Pascal Perrineau rappelle que les Eglises interviennent toujours pour rappeler les citoyens à l’exercice du droit de vote avant chaque scrutin. Pour le reste, le rapport entre Eglises chrétiennes et espace public – donc entre Eglises et politique -se noue autour de deux thématiques.
La laïcité tout d’abord. On voit mal quelle peut être, sur le plan opérationnel, la nouvelle forme que prendrait la laïcité dans la société française. Or le besoin est là, la peur de l’islam domine. Pour David Revault d’Allonnes, il faudrait réfléchir à une nouvelle loi, à un nouveau dispositif capable d’apaiser les sources de tensions.

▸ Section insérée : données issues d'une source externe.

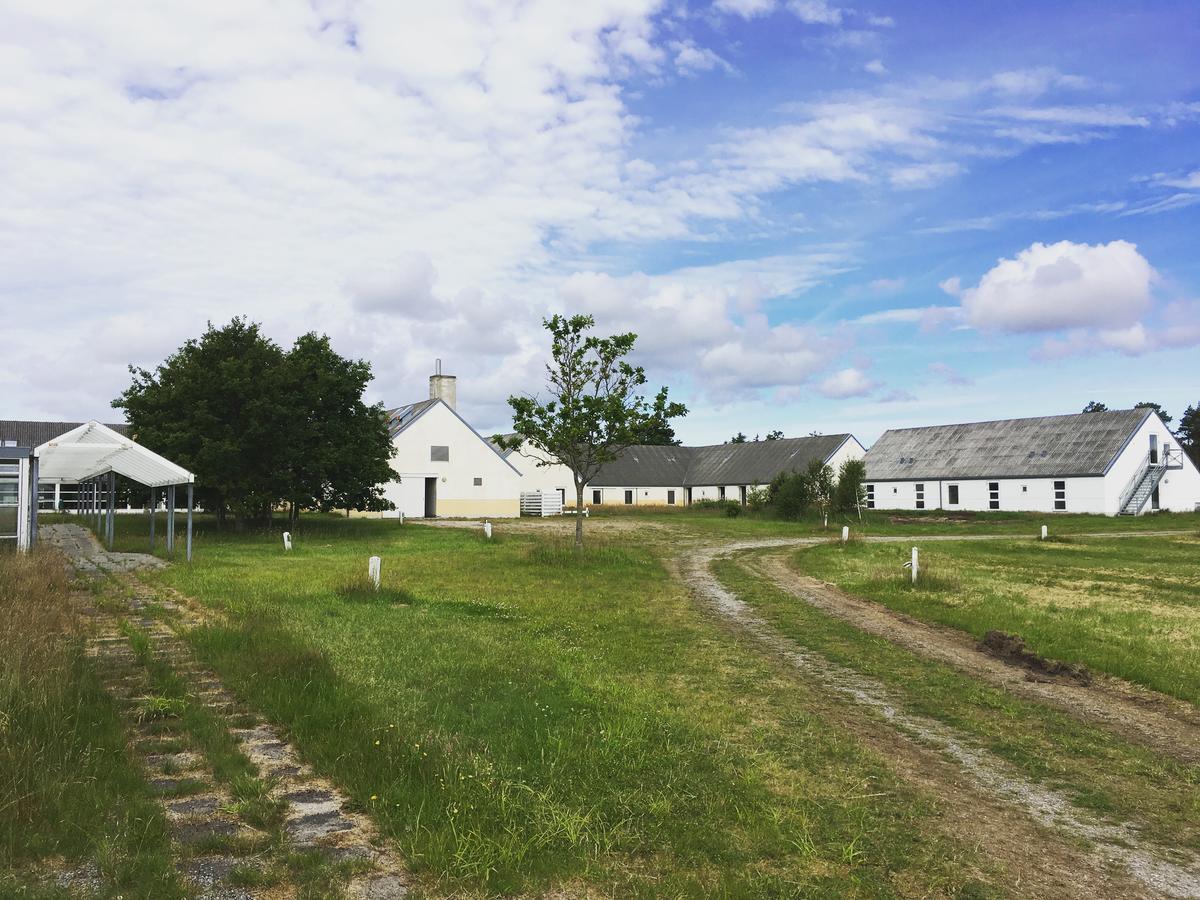 Hotel Hvideklit Ålbæk المظهر الخارجي الصورة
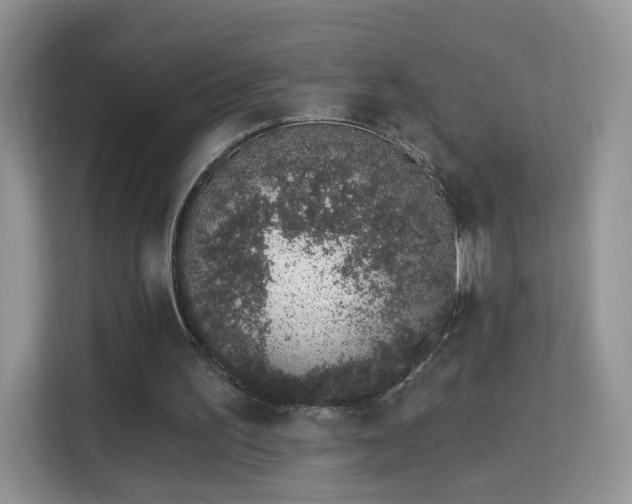 X0000114000195200910091410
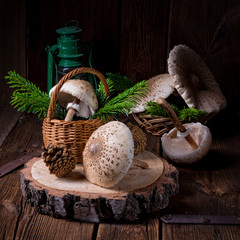 parasol mushroom (Macrolepiota procera or Lepiota procera)
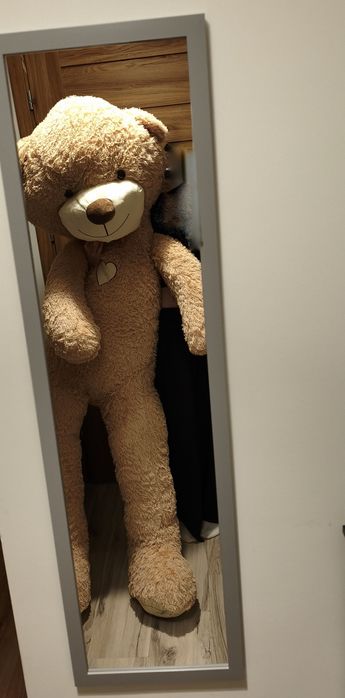 Duży pluszowy miś 180cm
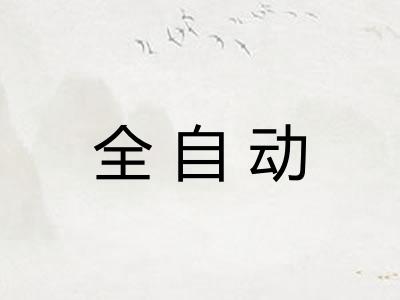 全自动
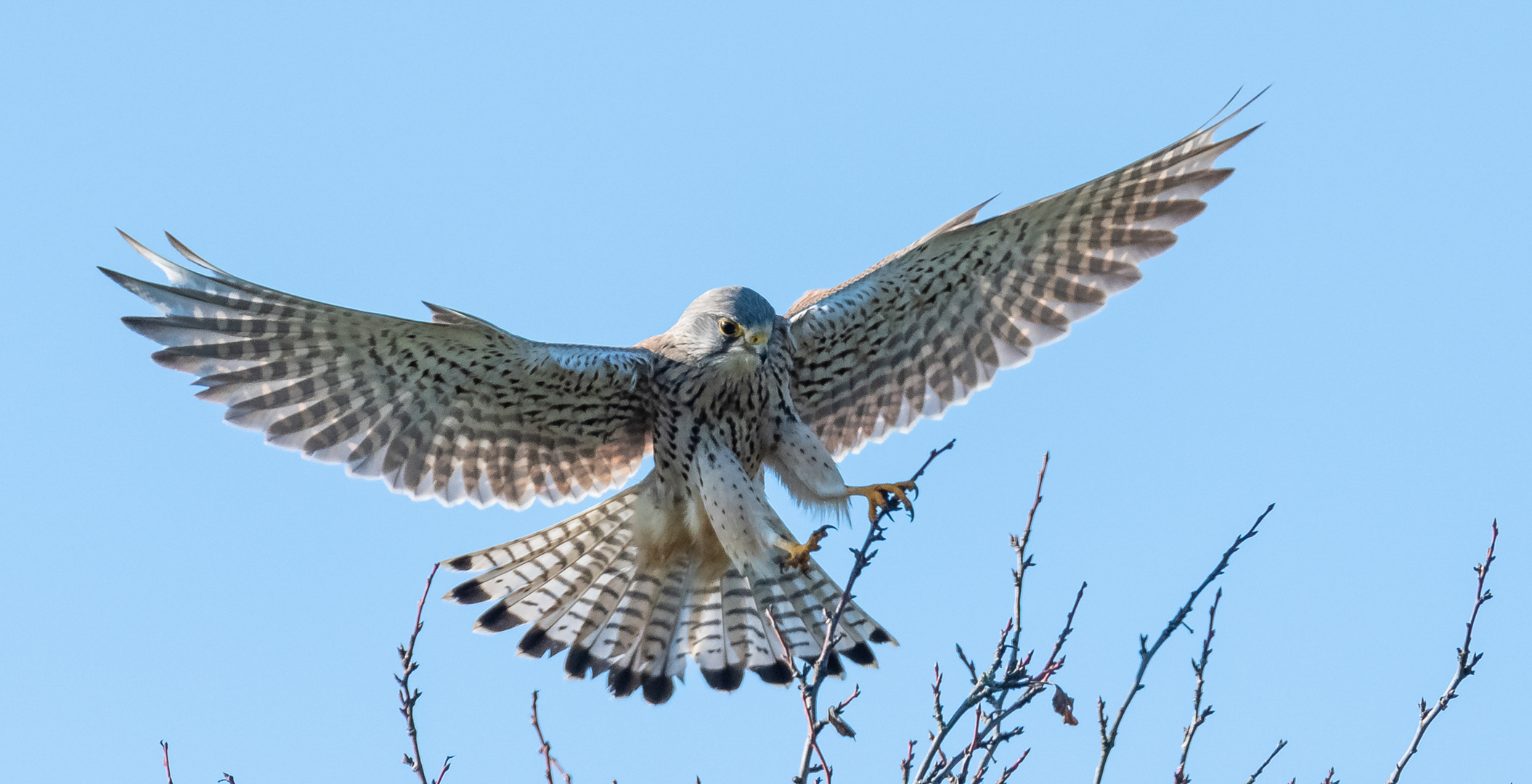 Turmfalke bei der Landung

Pascal Perrineau abonde : la laïcité devient vide de sens, incantatoire. Tout le monde s’en est emparé, à commencer par le FN. Cela lui a permis de rendre son discours de mobilisation contre l’islam plus efficace en le plaçant sur le terrain des valeurs de la République, ce qui lui permet de gommer ses aspects raciste, xénophobe, ethnique. Cette mutation lui permet de pénétrer des milieux jusqu’alors hostiles, comme ceux de la gauche laïque. Mais qu’est-ce donc qu’une laïcité moderne ? Il est urgent d’en discuter en profondeur.
Seconde thématique, les enjeux éthiques. François Hollande a complètement sous-estimé l’impact dans l’opinion d’un certain nombre de projets sociétaux. La question du « mariage pour tous » par exemple, a été emblématique. Il en avait fait une promesse de campagne, mais cette affaire a mobilisé contre lui toute une fraction de l’électorat chrétien et religieux. Michel Urvoy remarque qu’à cela se sont ajoutées des maladresses vis-à-vis des mondes religieux.
Cette accumulation a fait que le religieux s’est invité dans le débat et a continué de s’inviter dans les résultats électoraux, avec notamment un décrochage entre le monde catholique et la gauche socialiste.
Plus généralement, Pascal Perrineau estime que la société attend la parole des religions concernant le débat sur la fin de vie, la bioéthique, l’éducation. Sur ces enjeux, les Eglises doivent être présentes. Dire leur mot, à leur place bien sûr, mais sans aucune timidité.
Ainsi, il parait nécessaire qu’à l’avenir, les Eglises discutent en interne, préparent les dossiers, afin de produire des contributions positives aux débats.